Lee’s attorney, David Shestokas, framed the case as a test of fundamental American freedoms in his solicitation for donations on the platform GiveSendGo, which started as a Christian fundraising site before becoming a haven for antisemitic campaigns and “patriots” found guilty in the January 6 attack on the U.S. Capitol:
There are five rights in the First Amendment: religion, speech, press, assembly and petition the government for redress of grievances The exercise of each of those rights is under attack in Georgia. This fight is not just Chaplain Lee’s. Your rights as an American are under attack as well.
Pastor Lee is an American Hero, not a criminal for pastorally knocking on doors as accused by District Attorney Fani Willis. It’s time for us to stop this political persecution and be there for him.
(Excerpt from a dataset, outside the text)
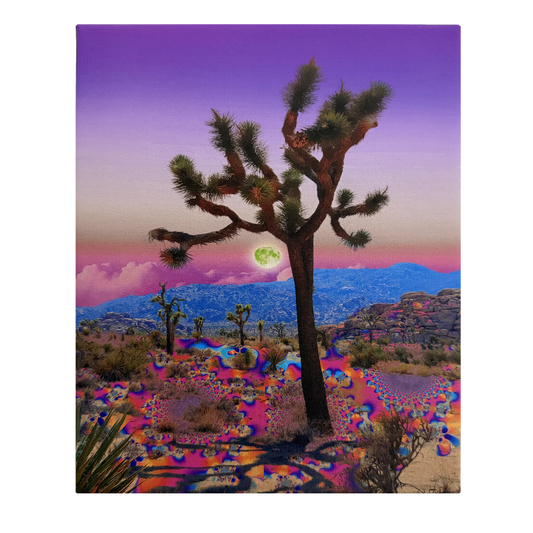 Joshua Tree Moon Canvas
Lee’s attorney also claims his client is apolitical. “While the attacks on Chaplain Lee appear to be politically motivated, he himself is not,” said Attorney David Shestokas.
But Lee has endorsed Trump and other candidates and expresses a growing need to do something to “save” the country he loves. “We’re facing the extinction of America,” he said in 2021.
Illinois Family Institute has raised some $20,000 for Lee.
“I think it’s fairly evident to people that the government is being weaponized,” Illinois Family Institute Executive Director David E. Smith told Christianity Today. “It appears to me that Rev. Lee’s only mistake was knocking on a door. … This is a precedent that cannot be permitted to stand.”
Lee’s GiveSendGo campaign seeks to raise $100,000 and has raised more than $14,000 so far.
“Thank you for your courage in the face of evil!” wrote John Richardson, who donated $50. “God bless you!”
“May GOD bless you and give you the strength and resources you need to stand for the TRUTH and JUSTICE!” wrote an anonymous $50 donor.
Faithful America, an alliance of Christians who “are sick of sitting by quietly while Jesus’ message of good news is hijacked by the religious right,” has more than 20,000 signatures on a petition asking the Lutheran Church–Missouri Synod to revoke Lee’s ordination.
“There’s absolutely no reason for any denomination to let someone credibly accused of illegally undermining our democracy to remain in a position of moral or spiritual leadership,” says the petition.
The denomination has not acted on the petition.